◆ **Exercise instructions**
Only the lines from the beginning of the entries through the one that holds "Hi, I'm Pete" may appear in the answer, written out exactly and free of pictures.

Stored data

┌──

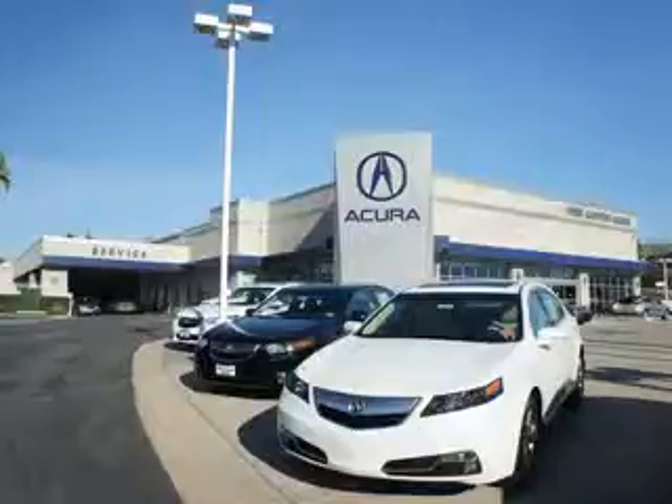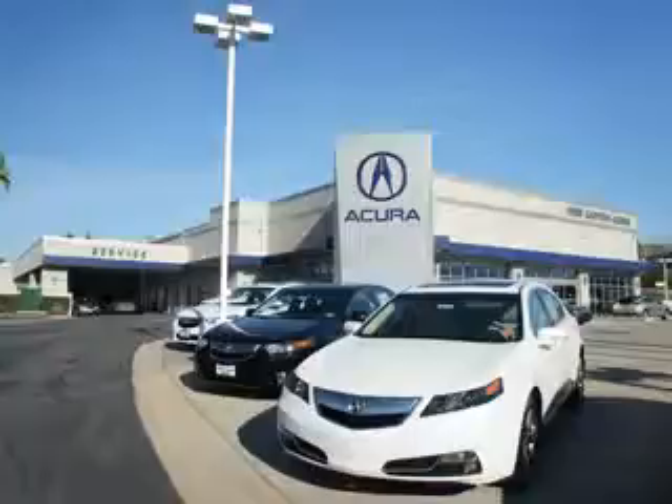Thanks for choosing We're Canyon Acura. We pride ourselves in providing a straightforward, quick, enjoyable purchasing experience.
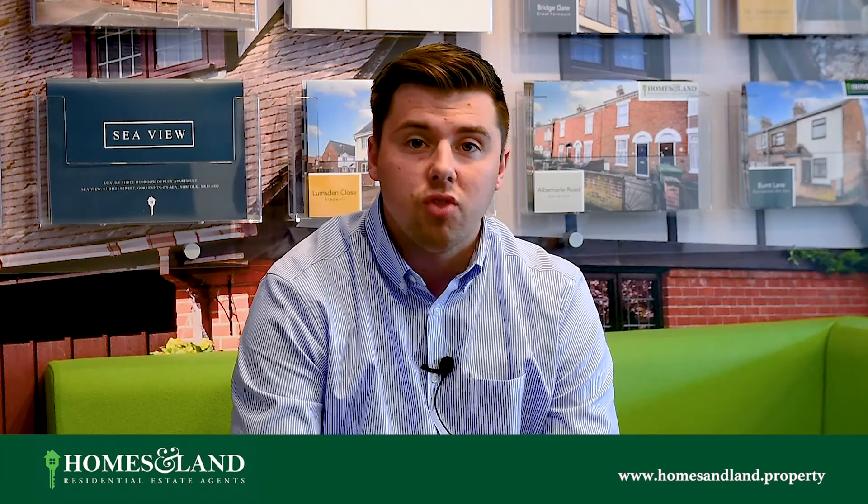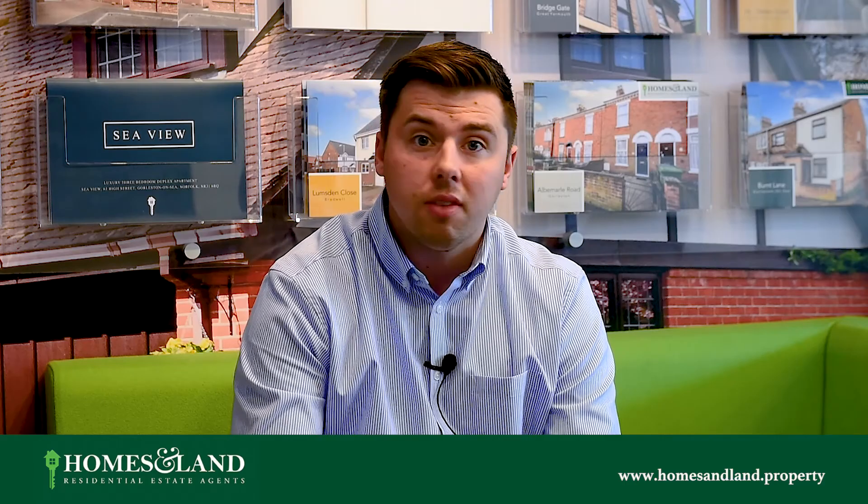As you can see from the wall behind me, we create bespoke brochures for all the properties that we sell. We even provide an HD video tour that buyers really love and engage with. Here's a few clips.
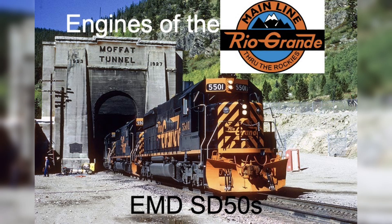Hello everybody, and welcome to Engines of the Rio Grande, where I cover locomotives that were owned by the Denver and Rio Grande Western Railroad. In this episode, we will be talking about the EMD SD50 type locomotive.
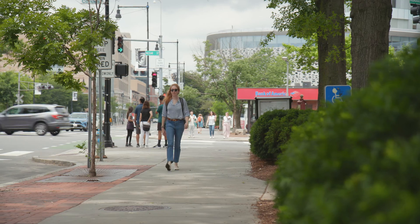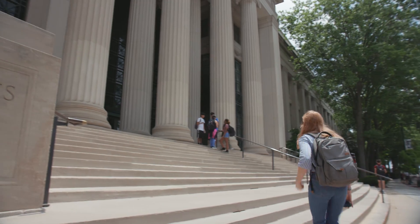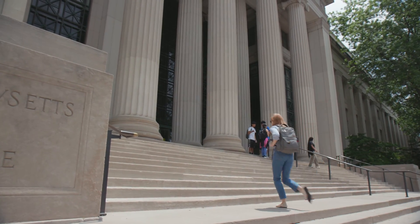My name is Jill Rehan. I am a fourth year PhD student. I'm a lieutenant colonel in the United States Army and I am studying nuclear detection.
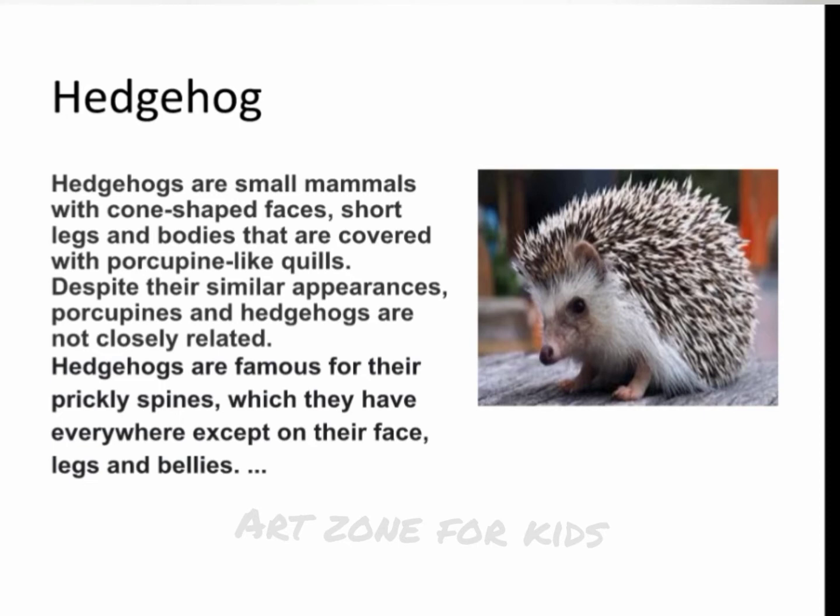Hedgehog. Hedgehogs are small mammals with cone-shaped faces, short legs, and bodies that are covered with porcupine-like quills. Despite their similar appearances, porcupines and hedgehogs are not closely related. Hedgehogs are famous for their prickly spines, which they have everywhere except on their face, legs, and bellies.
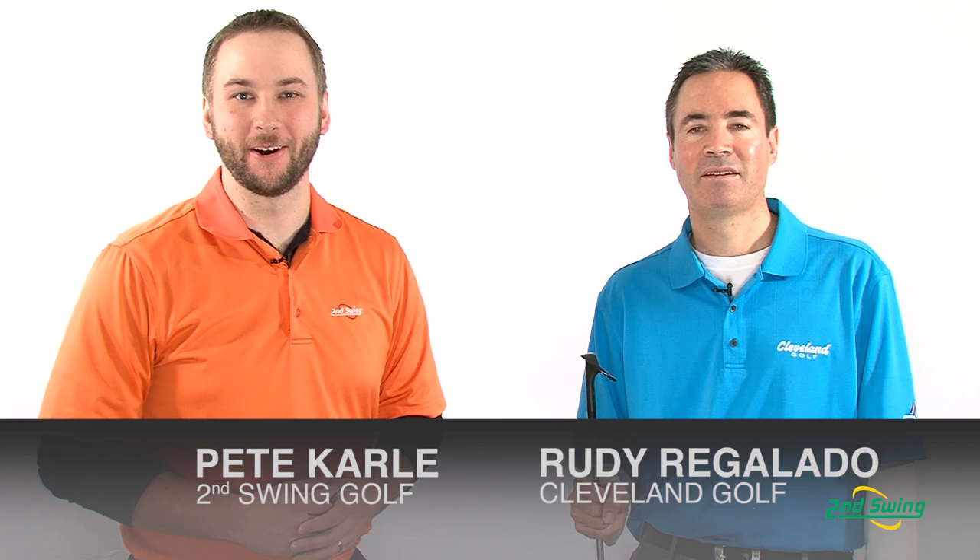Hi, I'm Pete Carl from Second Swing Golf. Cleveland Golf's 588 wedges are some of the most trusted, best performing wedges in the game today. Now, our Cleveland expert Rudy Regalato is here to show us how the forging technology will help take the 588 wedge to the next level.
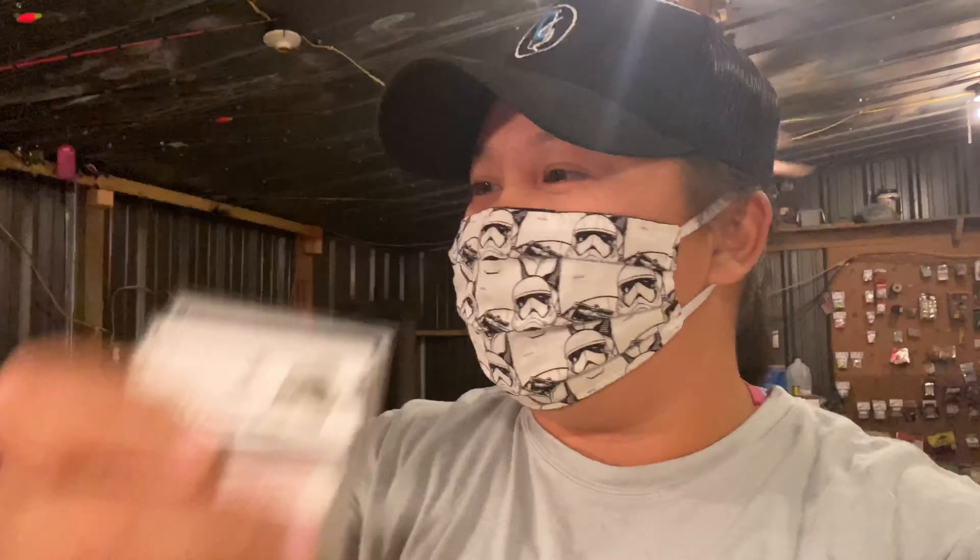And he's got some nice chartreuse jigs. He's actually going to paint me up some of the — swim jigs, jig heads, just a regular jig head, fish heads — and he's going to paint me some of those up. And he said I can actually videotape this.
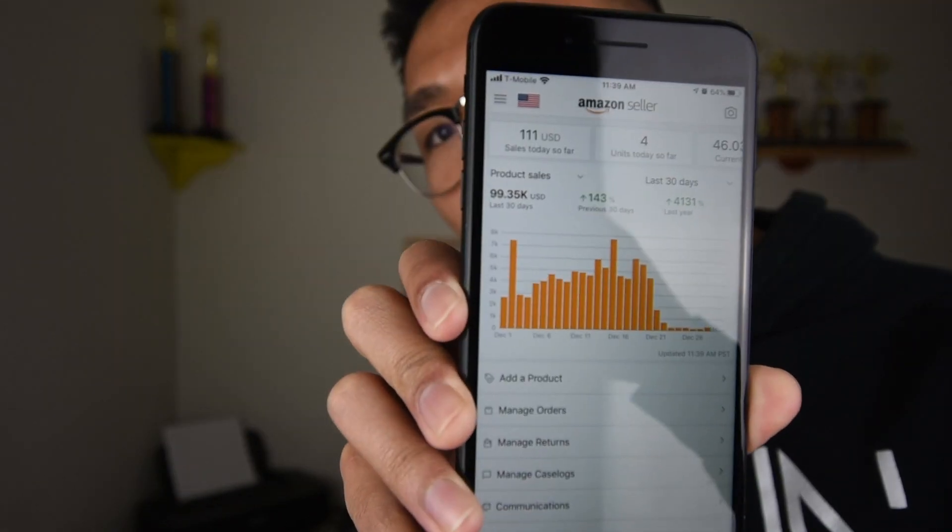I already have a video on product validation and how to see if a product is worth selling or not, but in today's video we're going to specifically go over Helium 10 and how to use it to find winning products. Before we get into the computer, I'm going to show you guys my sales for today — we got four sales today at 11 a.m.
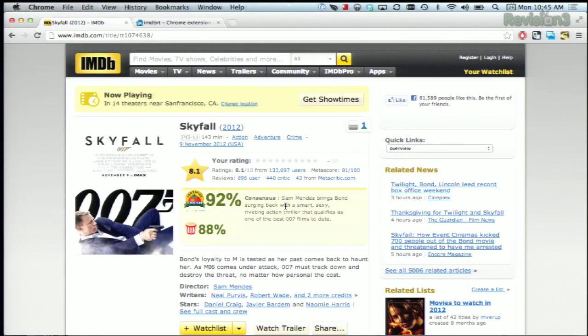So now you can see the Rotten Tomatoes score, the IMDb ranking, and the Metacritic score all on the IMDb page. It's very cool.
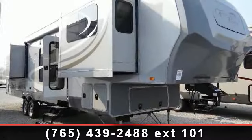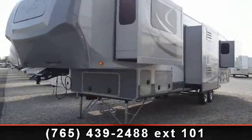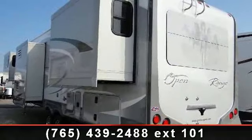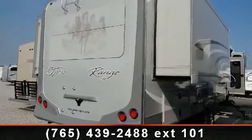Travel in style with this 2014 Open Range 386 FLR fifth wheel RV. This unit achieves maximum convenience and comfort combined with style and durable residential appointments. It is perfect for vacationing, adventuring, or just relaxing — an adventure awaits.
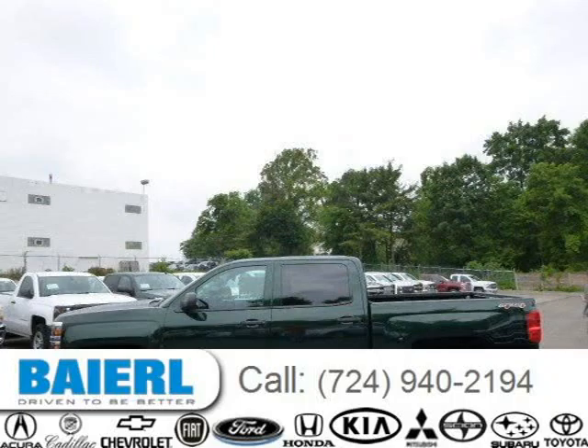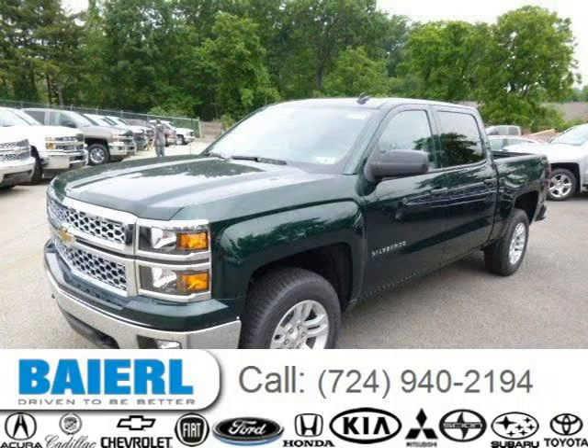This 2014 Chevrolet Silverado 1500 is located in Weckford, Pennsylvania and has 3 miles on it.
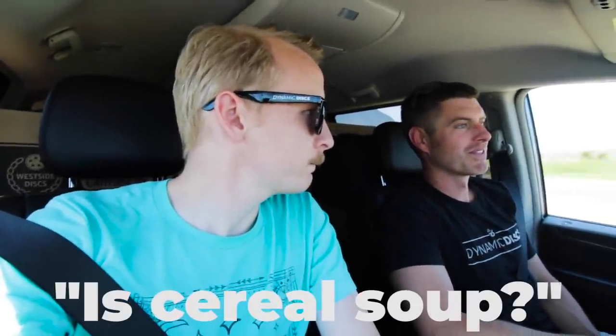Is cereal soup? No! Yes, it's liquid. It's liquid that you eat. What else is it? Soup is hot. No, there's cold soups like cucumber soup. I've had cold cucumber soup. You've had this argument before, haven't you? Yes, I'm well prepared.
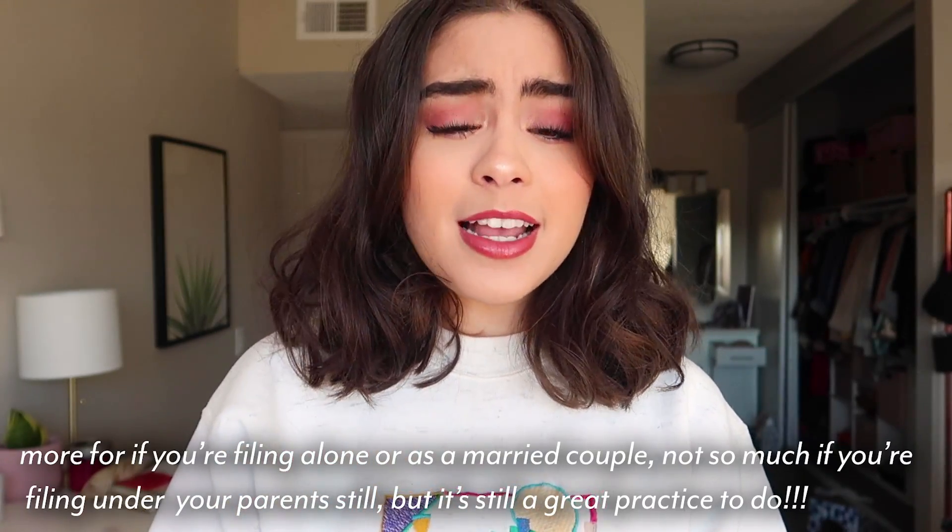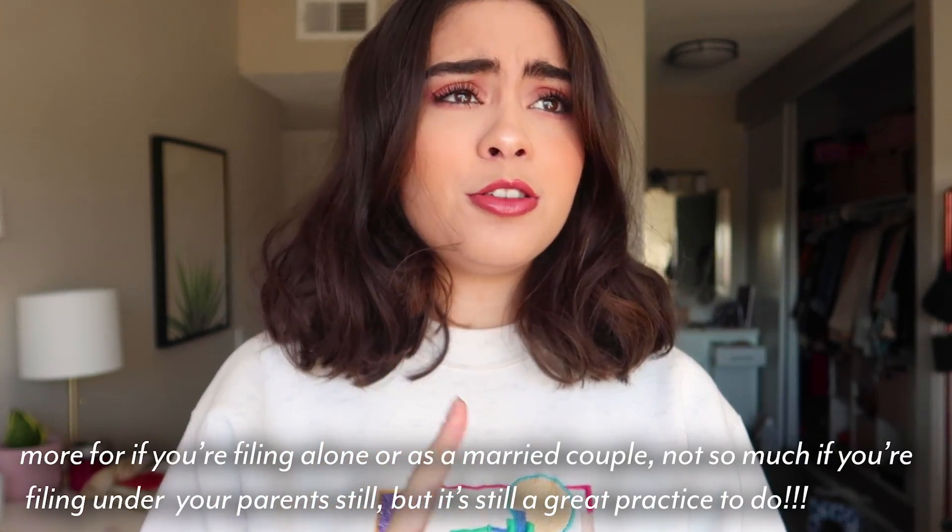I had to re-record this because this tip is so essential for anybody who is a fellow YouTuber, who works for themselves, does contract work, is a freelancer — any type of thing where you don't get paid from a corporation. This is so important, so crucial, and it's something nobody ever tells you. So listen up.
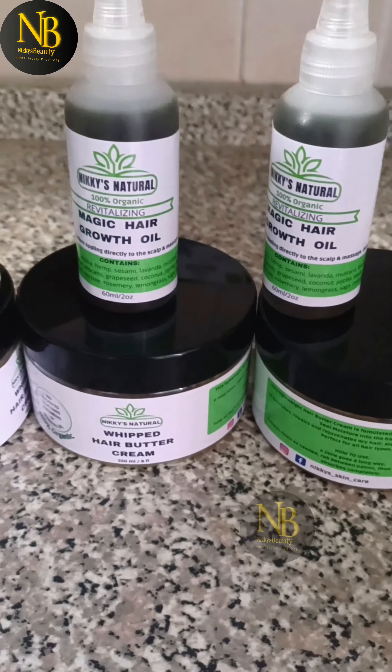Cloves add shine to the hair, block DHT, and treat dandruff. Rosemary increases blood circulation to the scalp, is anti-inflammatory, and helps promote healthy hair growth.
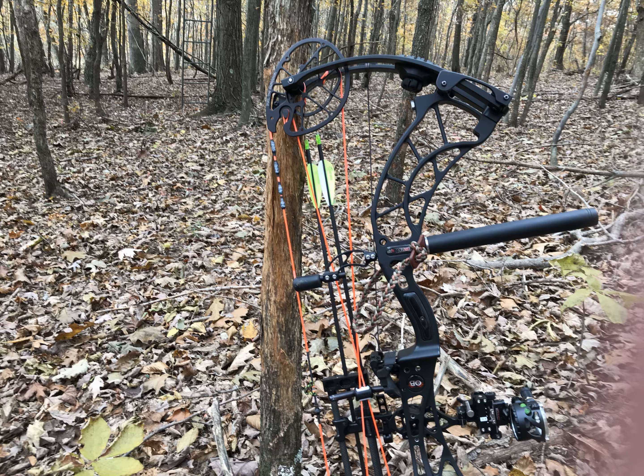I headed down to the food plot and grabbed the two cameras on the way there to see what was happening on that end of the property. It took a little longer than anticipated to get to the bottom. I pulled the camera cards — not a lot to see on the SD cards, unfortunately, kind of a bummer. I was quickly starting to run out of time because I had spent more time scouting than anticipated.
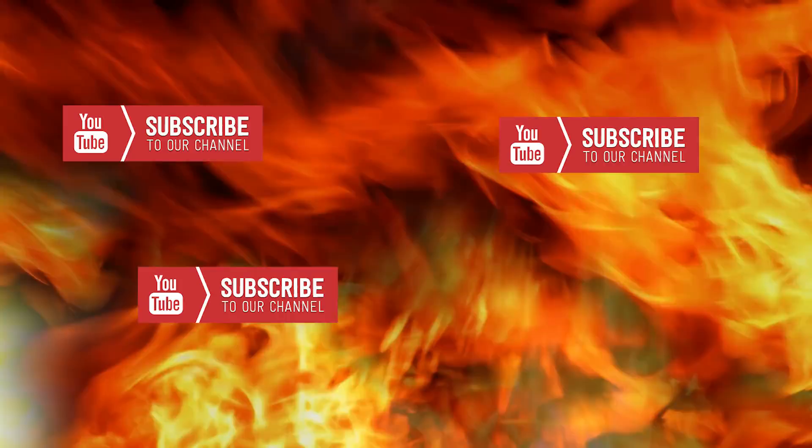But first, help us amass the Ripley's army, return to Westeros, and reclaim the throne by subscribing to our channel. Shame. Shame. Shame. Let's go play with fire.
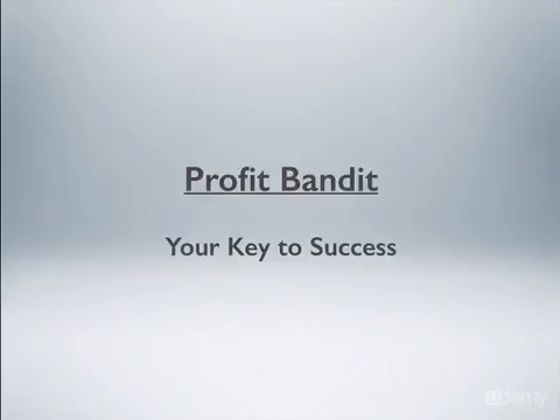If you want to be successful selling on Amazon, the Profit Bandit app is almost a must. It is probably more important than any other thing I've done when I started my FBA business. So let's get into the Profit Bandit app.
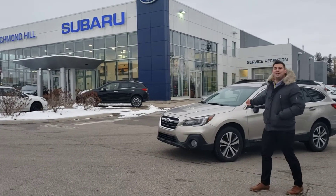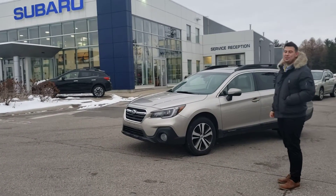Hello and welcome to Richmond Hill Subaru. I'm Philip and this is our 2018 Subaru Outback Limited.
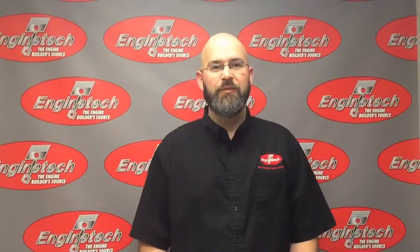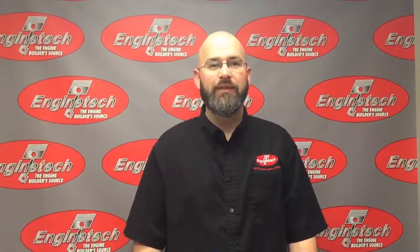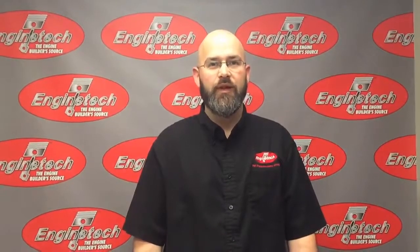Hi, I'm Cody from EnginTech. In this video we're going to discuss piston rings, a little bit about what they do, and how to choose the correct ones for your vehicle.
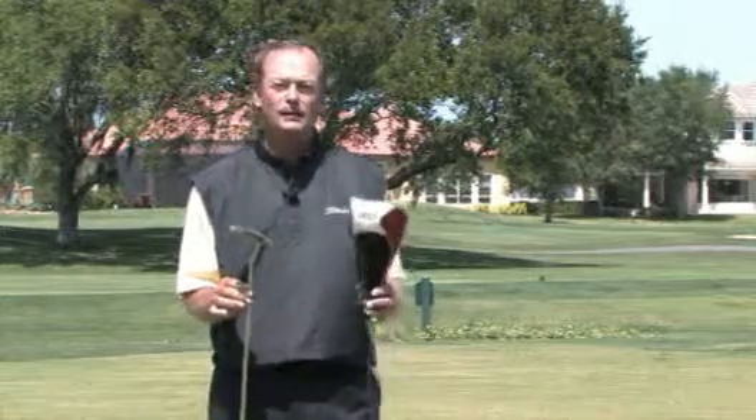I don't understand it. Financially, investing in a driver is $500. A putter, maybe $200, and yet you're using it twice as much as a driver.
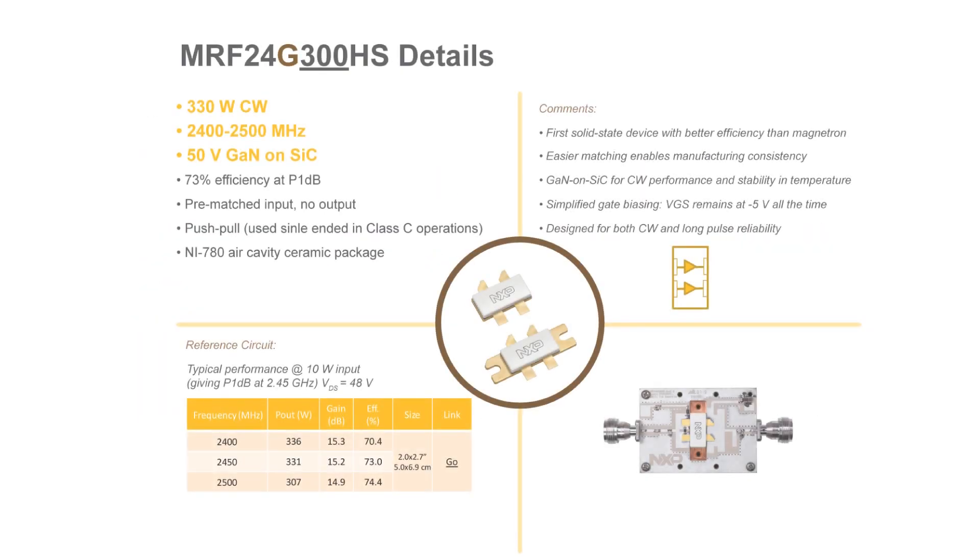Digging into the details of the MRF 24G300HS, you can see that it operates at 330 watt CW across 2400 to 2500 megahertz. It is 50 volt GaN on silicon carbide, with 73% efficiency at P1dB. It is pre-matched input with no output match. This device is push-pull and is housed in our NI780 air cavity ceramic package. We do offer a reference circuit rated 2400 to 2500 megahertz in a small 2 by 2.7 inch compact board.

└──

◆ **Completed task**
Thanks for choosing We're Canyon Acura. We pride ourselves in providing a straightforward, quick, enjoyable purchasing experience.
As you can see from the wall behind me, we create bespoke brochures for all the properties that we sell. We even provide an HD video tour that buyers really love and engage with. Here's a few clips.
Hello everybody, and welcome to Engines of the Rio Grande, where I cover locomotives that were owned by the Denver and Rio Grande Western Railroad. In this episode, we will be talking about the EMD SD50 type locomotive.
My name is Jill Rehan. I am a fourth year PhD student. I'm a lieutenant colonel in the United States Army and I am studying nuclear detection.
Hedgehog. Hedgehogs are small mammals with cone-shaped faces, short legs, and bodies that are covered with porcupine-like quills. Despite their similar appearances, porcupines and hedgehogs are not closely related. Hedgehogs are famous for their prickly spines, which they have everywhere except on their face, legs, and bellies.
Hi, I'm Pete Carl from Second Swing Golf. Cleveland Golf's 588 wedges are some of the most trusted, best performing wedges in the game today. Now, our Cleveland expert Rudy Regalato is here to show us how the forging technology will help take the 588 wedge to the next level.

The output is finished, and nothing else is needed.